[Problem statement]
Reproduce each line, exactly, from the one containing "Sp5der Atlanta Red Sweatpants7" through the end of the material. Exclude pictures.

[Recorded information]
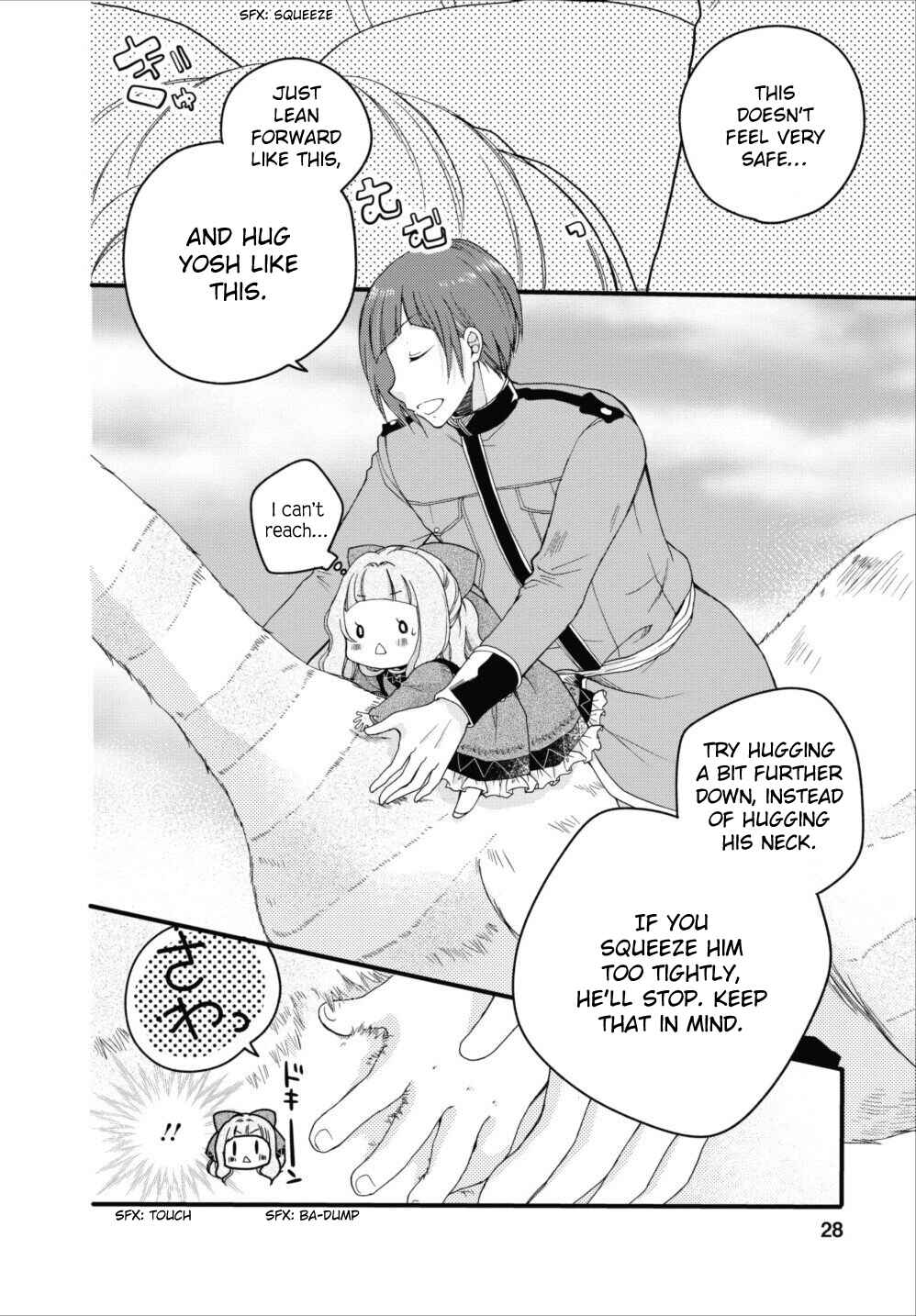 Page 28 Chapter 5 Isekai de Mofumofu Nadenade Suru Tame ni Ganbattemasu.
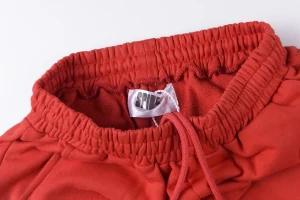 Sp5der Atlanta Red Sweatpants7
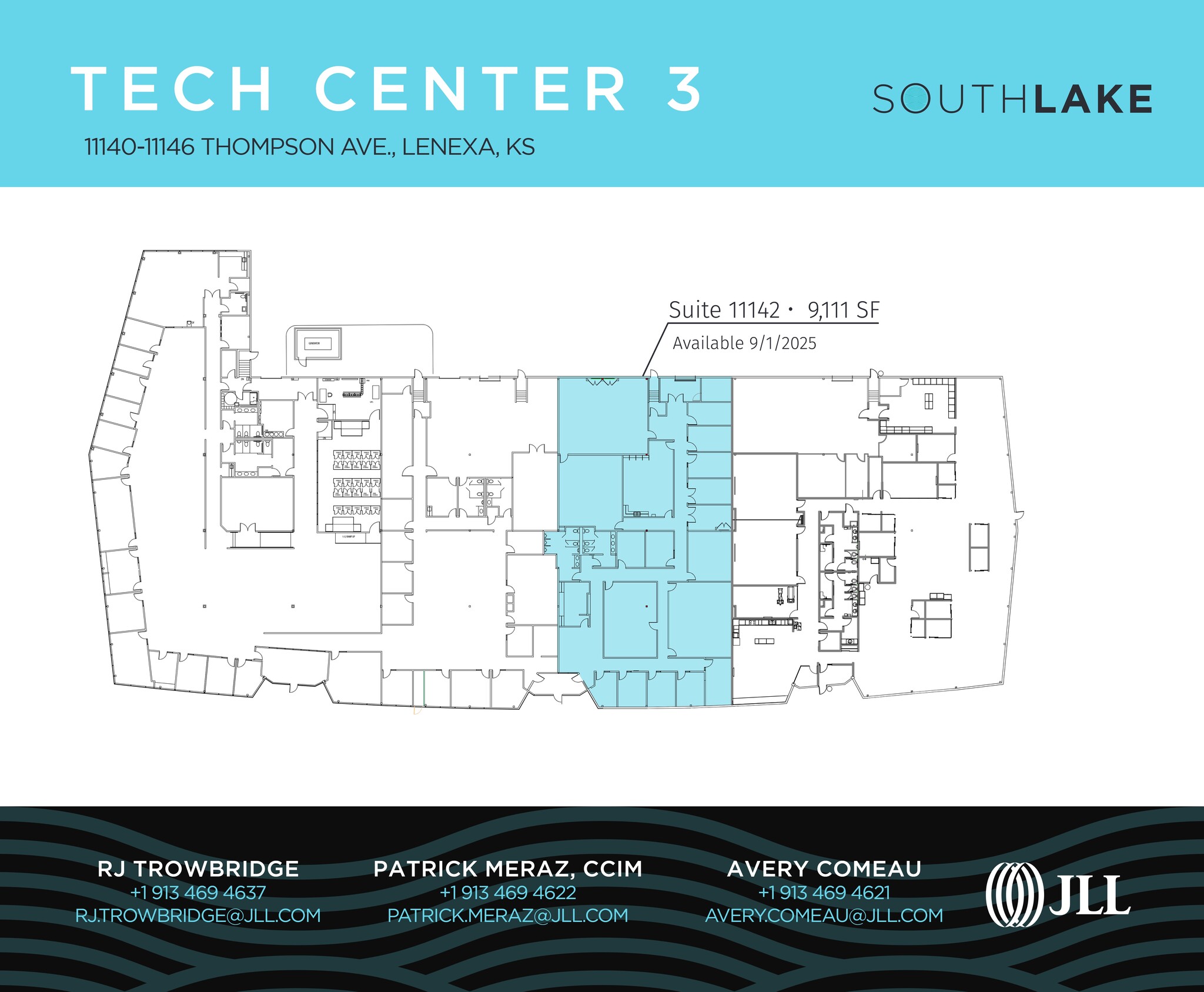 16025 W 113th St, Lenexa, KS for lease Site Plan- Image 1 of 1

[Answer to this task]
 Sp5der Atlanta Red Sweatpants7
 16025 W 113th St, Lenexa, KS for lease Site Plan- Image 1 of 1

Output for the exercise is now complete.